Usefulness of ascitic fluid lactoferrin levels in patients with liver cirrhosisopen access
- Authors
- Lee, Sang Soo; Min, Hyun Ju; Choi, Ja Yun; Cho, Hyun Chin; Kim, Jin Joo; Lee, Jae Min; Kim, Hong Jun; Ha, Chang Yoon; Kim, Hyun Jin; Kim, Tae Hyo; Kim, Jin Hyun; Lee, Ok-Jae
- Issue Date
- 13-Oct-2016
- Publisher
- BIOMED CENTRAL LTD
- Keywords
- Lactoferrin; Ascites; Spontaneous bacterial peritonitis; Liver cirrhosis; Hepatocellular carcinoma
- Citation
- BMC GASTROENTEROLOGY, v.16
- Indexed
- SCIE
SCOPUS
- Journal Title
- BMC GASTROENTEROLOGY
- Volume
- 16
- URI
- https://scholarworks.gnu.ac.kr/handle/sw.gnu/15200
- DOI
- 10.1186/s12876-016-0546-9
- ISSN
- 1471-230X
- Abstract
- Background: Although elevated levels of lactoferrin provide a biomarker for inflammatory bowel diseases and colorectal cancer, the clinical significance of these elevated levels in ascitic fluid of patients with ascites caused by liver cirrhosis is limited.

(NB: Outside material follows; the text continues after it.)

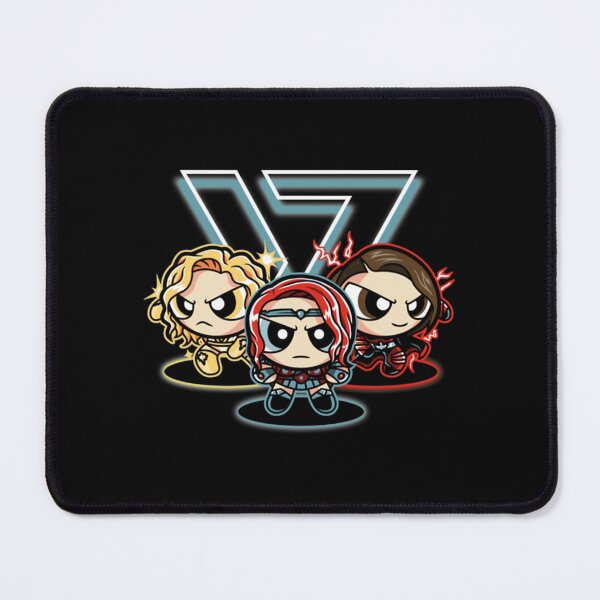Item preview, Superhero Power Supes Girls    designed and sold by sbmathieu.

The aims of our study were to investigate the usefulness of ascitic fluid lactoferrin levels for the diagnosis of spontaneous bacterial peritonitis (SBP) in patients with cirrhosis and to evaluate the association between lactoferrin levels and the development of hepatocellular carcinoma (HCC). Methods: A total of 102 patients with ascites caused by cirrhosis were consecutively enrolled into the study, from December 2008 to December 2011. Ascitic fluid lactoferrin levels were quantified using a human lactoferrin enzyme-linked immunosorbent assay kit. Results: The median ascitic fluid lactoferrin levels were significantly higher in patients with SBP than in those without SBP (112.7 ng/mL vs. 0.6 ng/mL; p < 0.001). The area under the receiver operator characteristic curve for the diagnosis of SBP was 0.898 (95 % confidence interval, 0.839-0.957, p < 0.001), with a sensitivity and specificity for a cut-off level of 51.4 ng/mL of 95.8 % and 74.4 %, respectively. Moreover, the incidence of HCC in the 78 patients without SBP was significantly higher in patients with high ascitic fluid lactoferrin levels (>= 35 ng/mL) than in those with low ascitic fluid lactoferrin level (< 35 ng/mL). Conclusions: Ascitic fluid lactoferrin level can be a useful diagnostic tool to identify SBP in patients with ascites caused by cirrhosis. Elevated ascitic fluid lactoferrin level in patients without SBP may be indicative of a developing hepatocellular carcinoma.